Georgia and other states intensified high school math requirements in the belief students would ultimately benefit. Now, that assumption is being questioned.
Texas, a pioneer in requiring algebra II in high school, has joined Florida in retracting the mandate.
Algebra II became a gateway course in many places after research showed it predicted college and career success. In its decision to mandate algebra II, Georgia sought to bolster the state’s historically dismal math performance. Georgia students consistently rank in the bottom quarter of states on SAT math scores.
About 60 percent of Georgia high school students who took the end-of-course test in coordinate algebra last spring failed to meet the state’s standard for content mastery. In analytic geometry, 65 percent failed to meet the standard.
Has the pendulum swung too far? Are we wrong to expect all students to master advanced math skills? Should we offer applied math classes that focus on the practical rather than the abstract?

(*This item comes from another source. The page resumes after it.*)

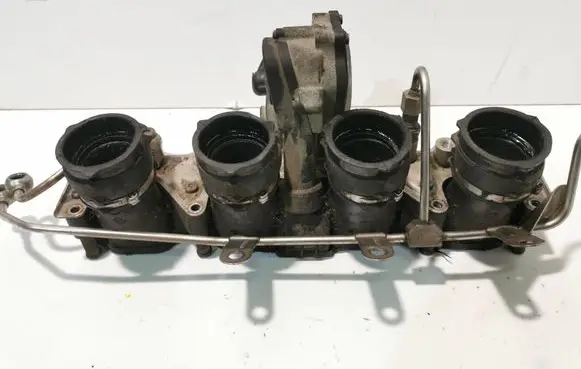 Volkswagen PASSAT B6 Fuel distributor 2900901599 06D133340 06d133317f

Speaking at a panel last year, Anthony P. Carnevale, director of the Georgetown University Center on Education and the Workforce, described a growing disconnect between our education system and our economy. Citing the fervor after the 1983 “Nation at Risk” report to overhaul our schools, Carnevale said, “We made great progress on that. It has been a good thing. We are at the point where it may be too much of a good thing.”
Carnevale said schools teach an increasingly abstract math curriculum under the premise all students ought to be prepared for Harvard. What’s missing today, he said, is “a more applied education, something that students can sell in the labor market.”
That was the rationale of Jobs for Texas, an industry coalition that told the Texas Board of Education algebra II was not as important as vocational training for many of the good jobs in the state for which a college degree wasn’t necessary.
Texas school district administrators agreed, contending, as one assistant superintendent did at a public hearing, “To require these courses in high school is to deny to many students the opportunity to graduate high school because they have not mastered a sequence of mathematics courses they will never need.”
But do students need half of what they learn in high school?
How many high school graduates will ever draw on Miranda v. Arizona, atomic mass number or “The Canterbury Tales” in their daily lives?
We still teach landmark Supreme Court cases, chemistry and Chaucer to help students develop literacy and an understanding of how the world works.
We know the jobs entailing basic skills or repetitive tasks have all but disappeared, replaced by automation. What’s left are jobs that depend on critical thinking, problem-solving and the ability to work effectively with others — skills once expected of bosses and managers.
Georgia is now beginning a conversation about its single college prep diploma. The state Board of Education voted in 2007 to eliminate Georgia’s “tiered” diploma, in which there were different expectations for different students, especially those on the vo-tech track.
A few years earlier, a federal report confirmed many vo-tech students were getting a second-class education; only 29 percent of 12th grade vocational students scored “proficient” in reading on the National Assessment of Educational Progress, and only 9 percent were proficient in mathematics.
Georgia may have ended up with a high school curriculum that is more than some students need. However, we don’t want to return to one that is less than our students deserve.